> **INFORMATION PROVIDED**:
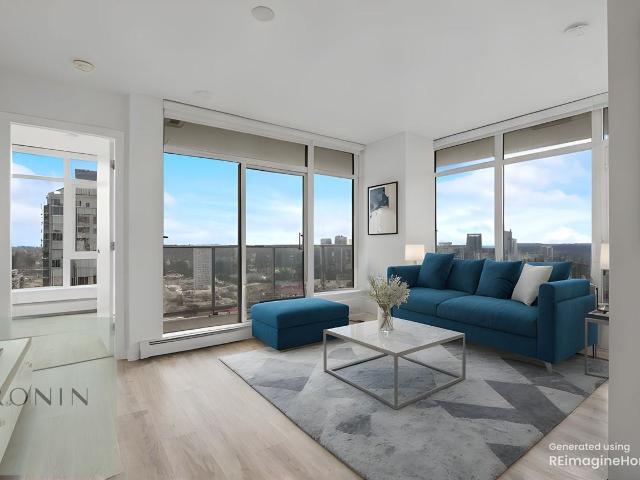 Apartment for rent in Surrey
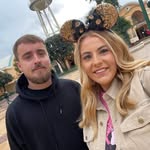 Chris Malcolm - @chrissymalcolm - Instagram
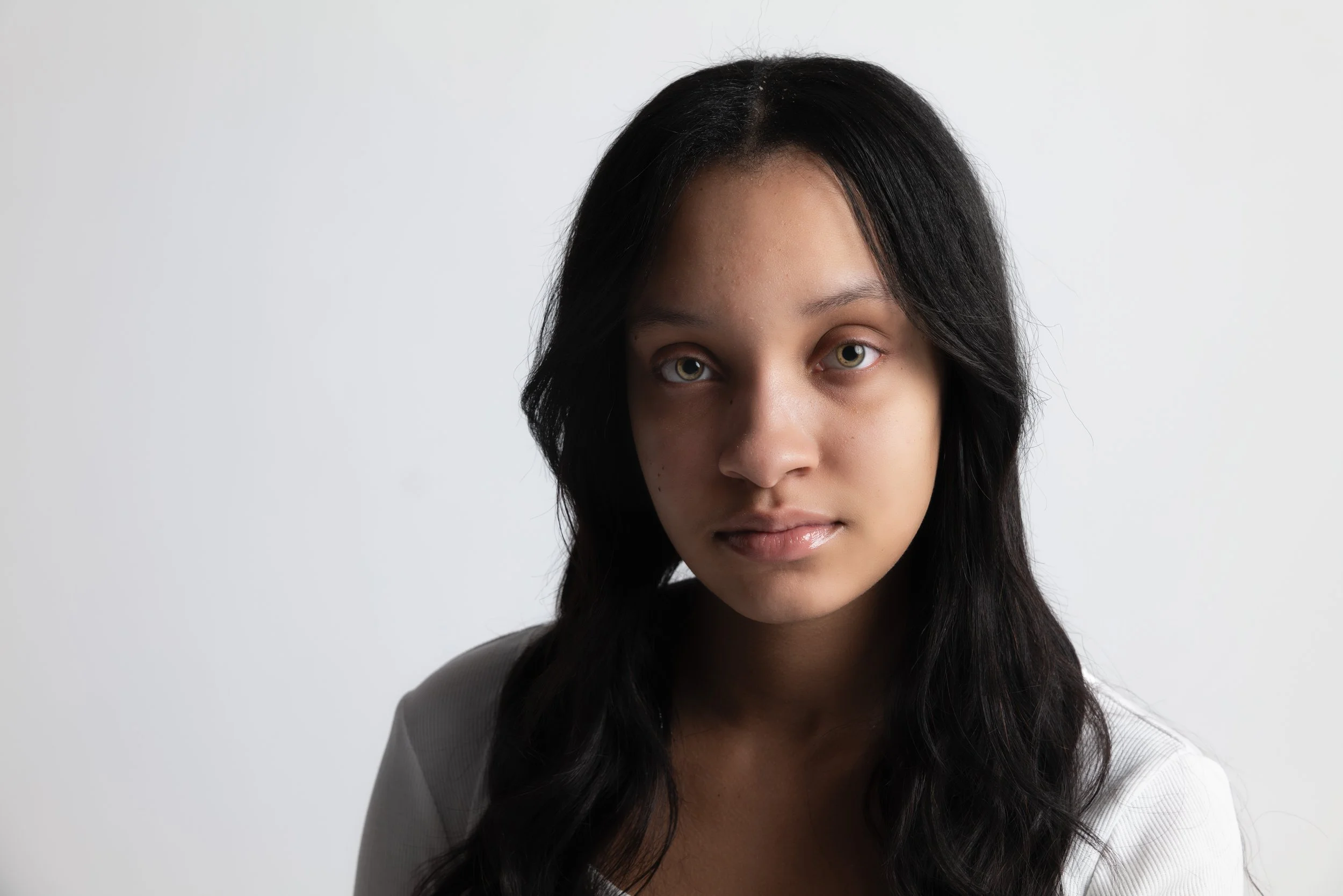 untitled (78 of 22).jpg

> **WHAT IS REQUIRED**:
Every line above is to be given again exactly, apart from the pictures.

> **SOLVED PROBLEM**:
 Apartment for rent in Surrey
 Chris Malcolm - @chrissymalcolm - Instagram
 untitled (78 of 22).jpg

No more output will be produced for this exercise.